В. И. Д. оказался тем самым красивым блондином с длинными усами, которого я видел в китайском монастыре с дамой. Он прекрасно владеет английским языком и быстро, деловито выяснил все пароходные порядки. В девять часов утра чай и первый завтрак, в час – ленч – второй завтрак, в четыре – чай, в семь – обед. В промежутки также можно требовать еду и питье, записывая свои требования в ярлычную книжку лакея (вся прислуга, кроме старшего лакея-японца, – китайцы). К концу путешествия все эти ярлыки при общем итоге препровождаются каждому для оплаты. Содержание без вина: вино оплачивается отдельно. В одиннадцать часов вечера все огни в столовой, курительной, библиотеке гасятся.

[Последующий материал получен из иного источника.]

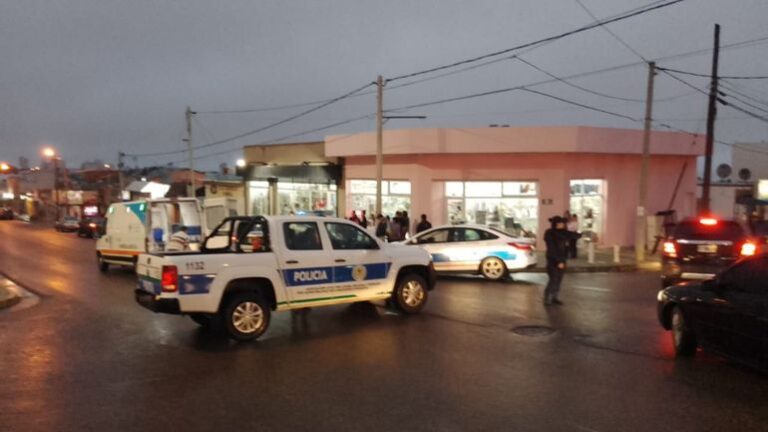 Una mujer fue atropellada en Avenida Rivadavia y debió ser trasladada al Hospital Regional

Курить можно только на палубе и в курительной. Белье в стирку принимается только в Иокогаме, где пароход стоит двое суток, – вопрос очень важный, если принять во внимание, что каждый день надо надевать к обеду смокинг.
– Это значит, что, например, чтоб быть совершенно корректным, – воскликнул я в ужасе, – надо иметь запас белья в двадцать четыре рубахи, и это в путешествии, где стараешься брать как можно меньше багажа.
– Да что-нибудь в этом роде придется вам сделать, – сказал В. И. мне в утешение, – англичане… они по три раза в день костюмы меняют.
– Да наплевать на них, – сказал Иван Тихонович, – я всегда в сюртуке, и смокинга у меня и в заводе нет.
– А курить действительно нельзя в каютах? – спросил я его.
– Насчет этого строго.
– Ну, курю я, что они со мной сделают?
– Оштрафуют – до ста долларов штраф. Мера предосторожности против пожара… Горят и от папироски, а одна возможность этого в открытом море, где месяцами и парохода встречного не увидишь…
– Ну, бог с ними, не будем курить в каютах.
Так как с В. И. нам еще неделю ехать, а с И. Т. два дня, то я и пристал к нему вплотную, как к аборигену здешних мест.
До обеда он уже сообщил мне все о своих делах.
В Нагасаках он два с половиной года торгует, и до сих пор дела его шли хорошо. Он продает русский табак, русские вина, водки, ликеры, русские сахар и конфеты.
Сахар местный 14 копеек за фунт, русский, пиленый, И. Т. продает 18 копеек за фунт, головой – по 15 копеек, а оптом даже по 4 рубля 50 копеек пуд. Качество русского сахара гораздо выше местного. Местный желтоватый, скорее в комьях песок, легко рассыпающийся, с каким-то запахом.
Лучше всего идет торговля русскими конфетами. И на них, и на водку, и на одесские консервы, и на сахар спрос энергично растет. Клиенты: англичане, японцы, китайцы.